00:00:00 - Speaker 1: One thing that really stood out to me reading the original research article was that so many pieces of software I try out, they don’t really feel inspired, doesn’t feel like there was like a real driving passion behind like why this had to come into the world.
00:00:21 - Speaker 2: Hello and welcome to Meta Muse. Muse is software for your iPad that helps you with ideation and problem solving. But this podcast isn’t about Muse, the product, it’s about the company and small team behind it. I’m here today with my colleague Adam Wiggins. Hi, Adam. Hey Mark. And a guest on the show today is Lachlan Campbell.

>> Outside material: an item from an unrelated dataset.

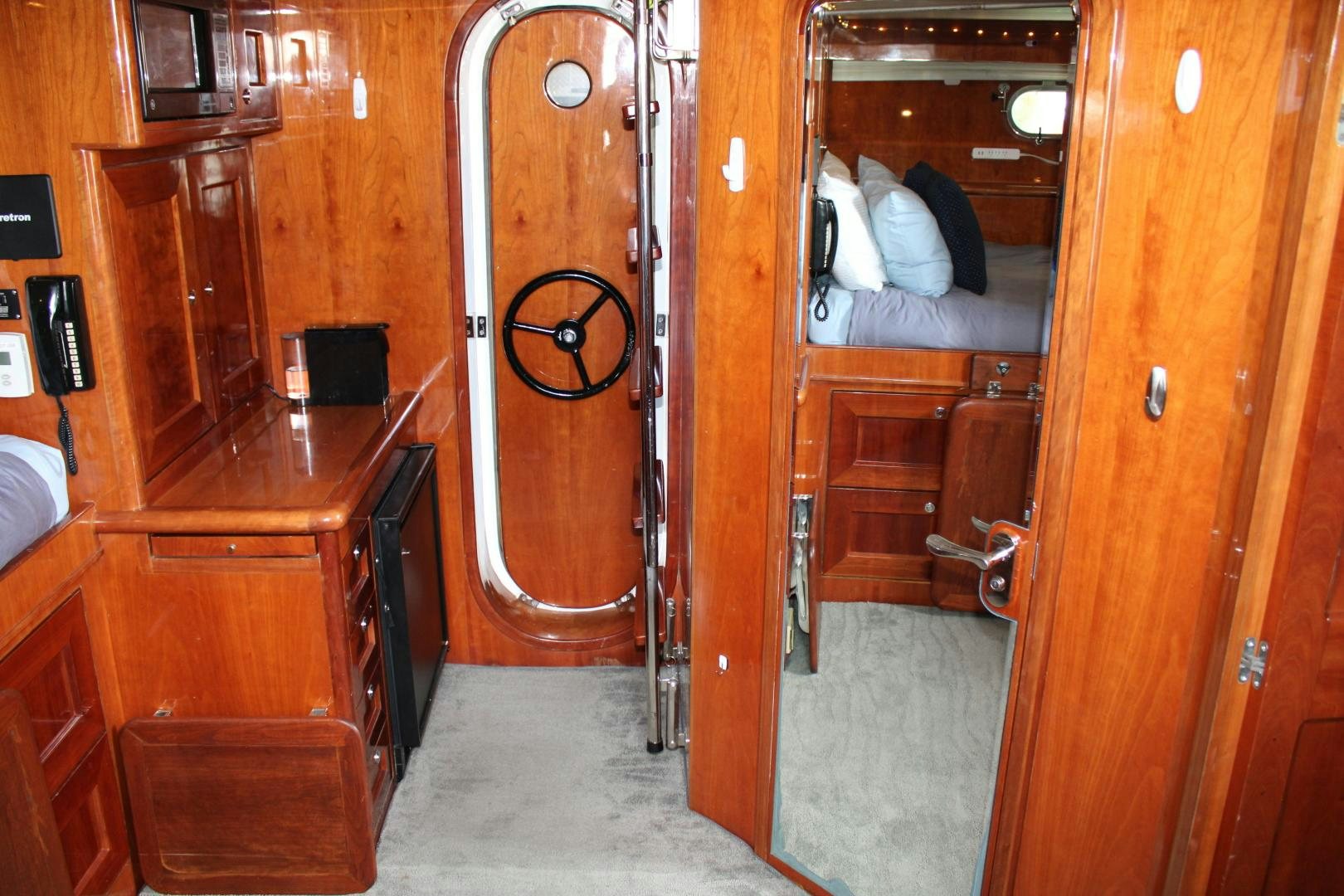a room with a bed and a desk aboard SAFARI Yacht for Sale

Lachlan, welcome.
00:00:39 - Speaker 1: Hey friends, thank you so much for having me.
00:00:42 - Speaker 2: Today’s show is about the journey of views and products generally from a research lab, an early idea, a private beta all the way through to being a commercially available product. And the way Lachlan fits in there is they were one of the very first uh users to try and really get news. So Lachlan, do you want to introduce yourself briefly in terms of your work and what you do with that club?
00:01:04 - Speaker 1: Yeah, for sure. I describe myself as a web designer developer. My primary creative work is uh designing and building websites, and I also am a student at NYU. I just finished my first year majoring in interactive media arts, which is uh making art with technology, so it’s not coming at it from a technical side, but more coming at it from an art side. And I work at a nonprofit called Hack Club, Hackclub.com. We’re a network of high schooler led coding clubs and high school makers around the world. I started a coding club back when I was in high school and then got involved and I’ve been working with the team for 3 years now, making websites and doing marketing and I my official role is head of storytelling. So I do a lot of open source coding and art making slash political advocacy as well as working at Hat Club and going to college. So it’s, it’s many hats.

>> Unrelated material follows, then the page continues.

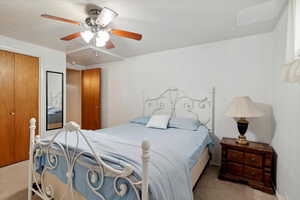 Carpeted bedroom featuring ceiling fan and a closet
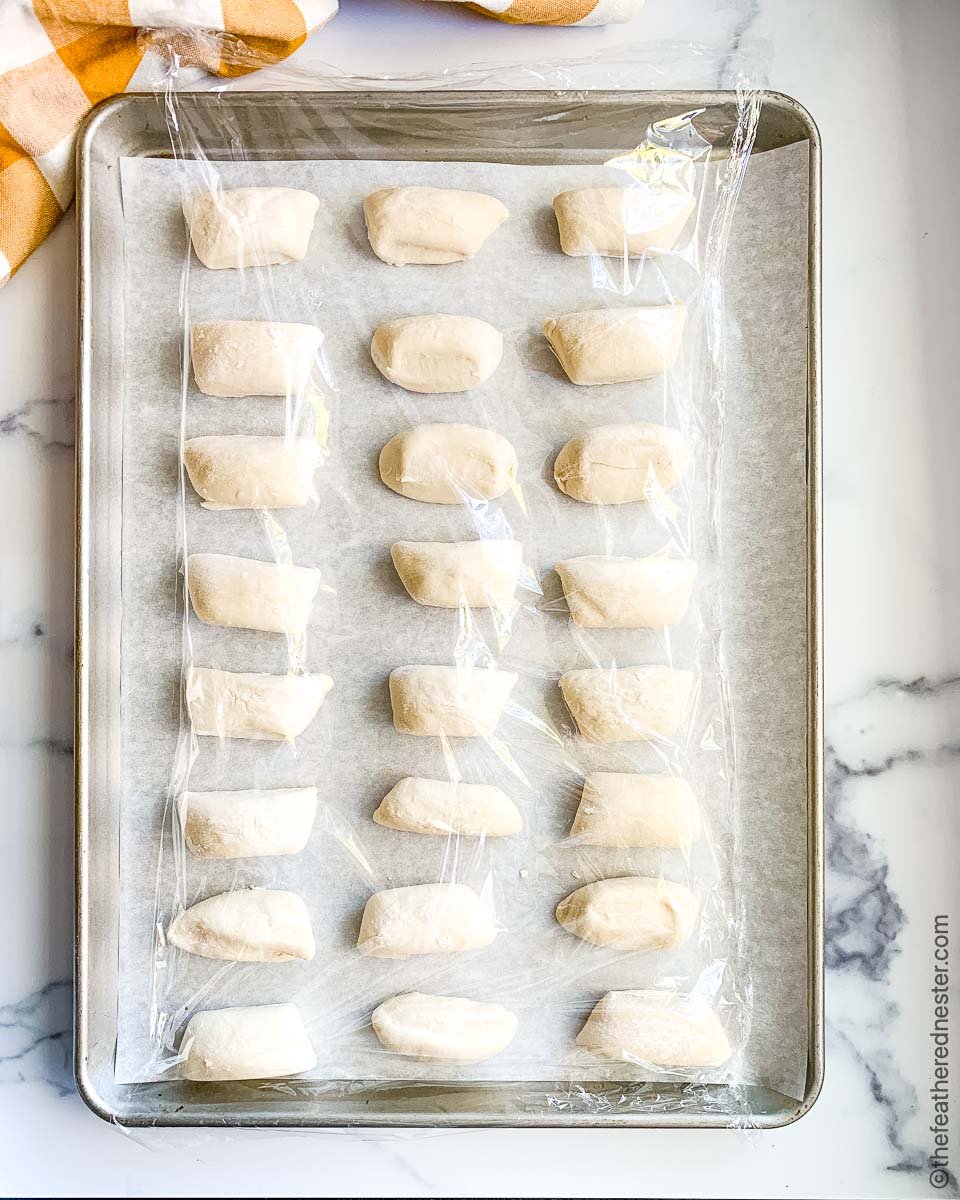 a cookie sheet of parker house rolls frozen, covered with plastic wrap for defrosting and rising.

00:02:05 - Speaker 3: And I’ll also throw in that you’re a pretty, I would say sophisticated iPad user or maybe passionate one, you have some great posts in your notebook about using the iPad for web development or how to install fonts, things like that. And I think that’s even in our first communication when you basically wrote in to um join the waitlist, you did a pretty long multi-paragraph, maybe multi-page thing about all these different apps you’d use on the iPad for research and so on, which is certainly part of what caught my attention and why you were in that first, that first batch.
00:02:36 - Speaker 1: Yeah, I, I got the original iPad when I was in 3rd grade back in 2010. It just kind of blew my mind downloading an app for the first time.
That’s kind of what got me into building software and thinking about computers in the first place, downloading an app on that iPad. I tried to like use my iPad as my primary computer back in 2010 and it did not go very well.
But fast forward a few years and then in sixth grade, I started looking into like building iOS apps. And eventually got into web development.
Then back in 2017 with the 10.5 inch iPad Pro, I got that and switched to using that for most of my work, most of the day.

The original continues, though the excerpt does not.